Seeber translates “survey” as recorrido, and the Spanish word becomes much more powerful than its English version in the context of actually experimenting with and moving around the exhibition. Recorrido means “route,” “path,” or “journey.” We are taking a figurative journey through Seeber’s career, but also following a physical, tangible route across the gallery space guided by a game of mini golf.

To design the experience, Seeber did not want to include the characteristic synthetic grass of most mini golf courses: “I care about the environment, and I don’t like that shade of green,” she said. Therefore, she created different rugs to act as separate little islands for the game—an extra layer to the viewing experience. Seeber observes: “Rugs are also a very domestic, interior element, but we are using it as an exterior landscape.” 

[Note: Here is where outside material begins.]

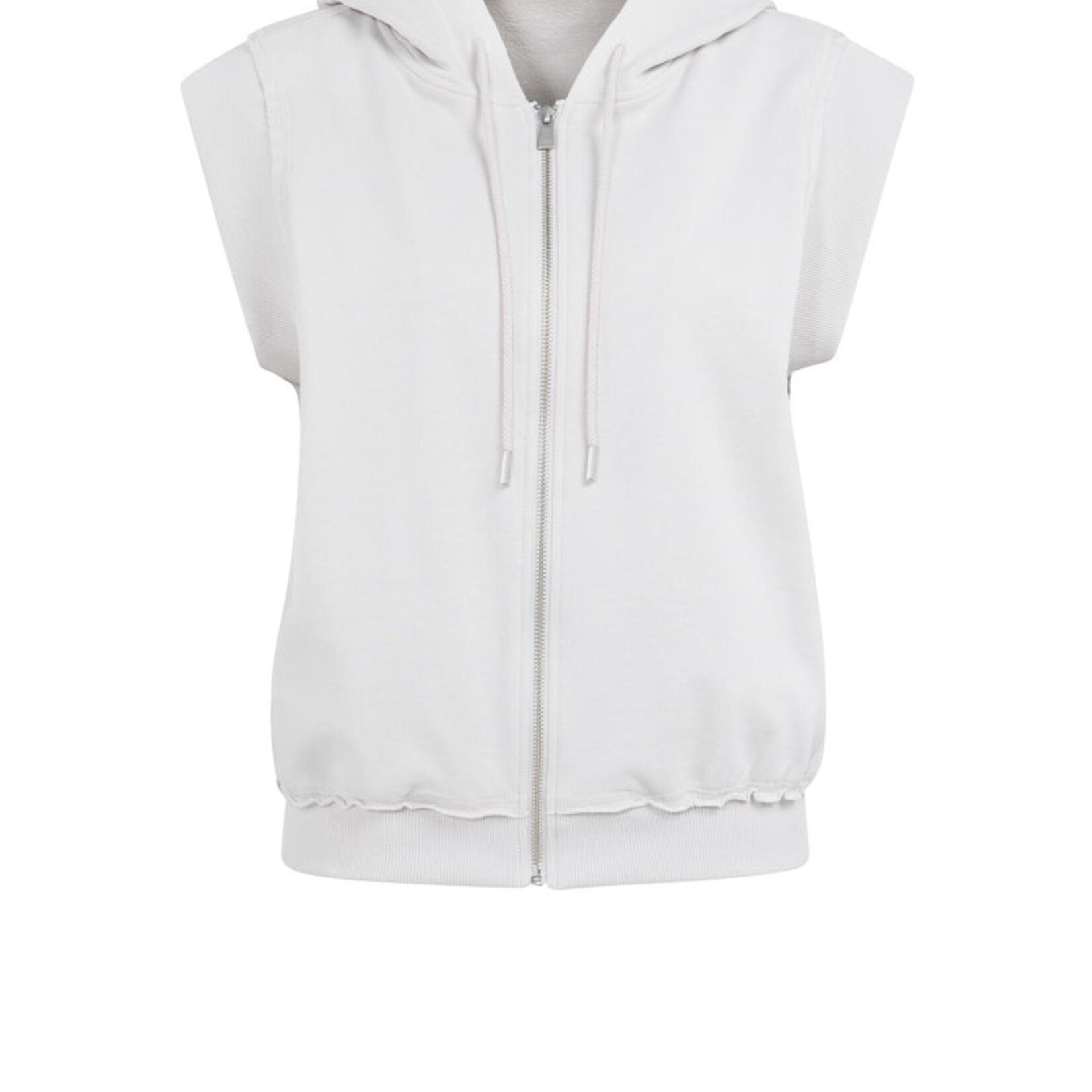 Yaya Pull 01-019150 à capuche sans manches - Tremple Gray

Alejandra Seeber: Interior with Landscapes, Americas Society, ASCOA, solo exhibition, Argentine painter, feature interview Mariado Perez

Installation view of Alejandra Seeber: Interior with Landscapes at the Americas Society. Photo by Arturo Sanchez. Courtesy of the artist and the Americas Society.

Ceramics also add a fun touch and act as obstacles in the recorrido. The artist says: “I had a lot of fun making ceramics. I used to go to the studio of this Puerto Rican lady next to my house … She had millions of figurines: Pedro Picapiedra (Frederick 'Fred' Flintstone), shoes, little birds … and I would paint them.” When Seeber makes ceramics herself, she interacts with the material by forming “a humble relationship” with it: “I play between what I want the piece to be and what it turns out being. There’s always a negotiation between the two.”

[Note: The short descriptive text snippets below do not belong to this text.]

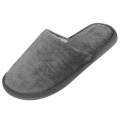 【ALLGOOD】Men Warm Home Plush Soft Slippers IndoorsAnti-slip Winter Floor Bedroom Shoes. 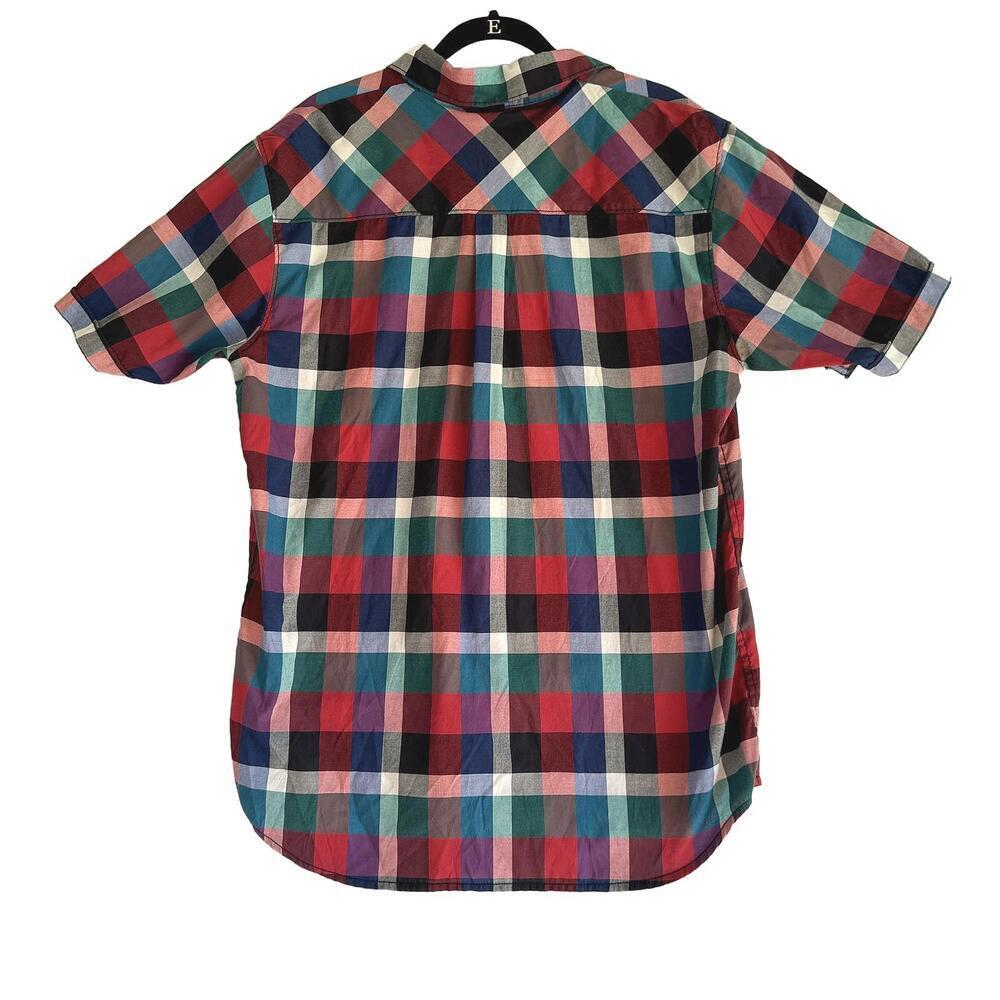 Vans Mens Short Sleeve Plaid Button-Up Shirt Size XL - Picture 5 of 7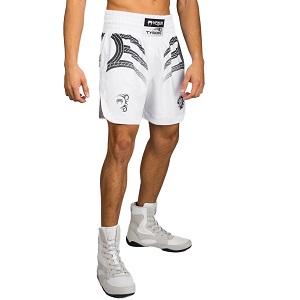 Venum - Training Shorts / Venum x Mike Tyson Tiger / Weiss-Schwarz / Small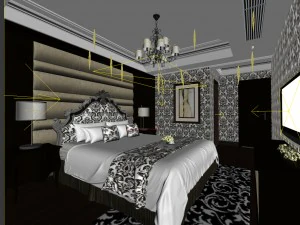 beautifully stylish and luxurious bedrooms 18 3D Model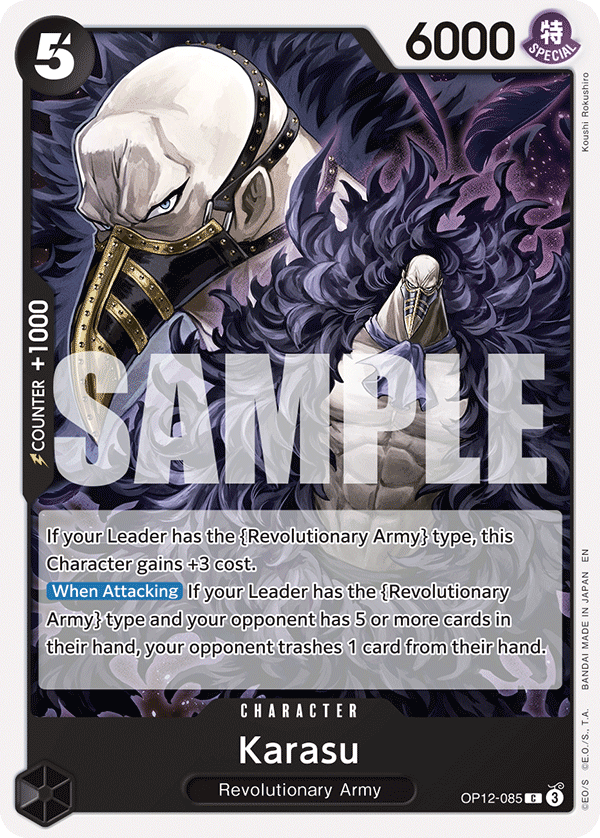 Karasu OP12-085 One Piece card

Alejandra Seeber: Interior with Landscapes, Americas Society, ASCOA, solo exhibition, mini golf installation Argentine painter feature interview Mariado Perez, photo by Arturo Sanchez

Alejandra Seeber, Mini golf installation with Palette Rug (2024) and Waves on Skate Base (2020). Photo by Arturo Sanchez. Courtesy of the artist and the Americas Society.

The entire exhibition proposes a new angle from which one could look at the artworks—one that is not so confrontational. “I like to work kind of absent-mindedly, following what’s happening in the painting from the side, in unexpected ways.” According to Iglesias Lukin, by inviting visitors to play alongside her works, Seeber presents her pieces through a journey that is both guided and open to interpretation—once again, in Seeber’s style, ambiguous.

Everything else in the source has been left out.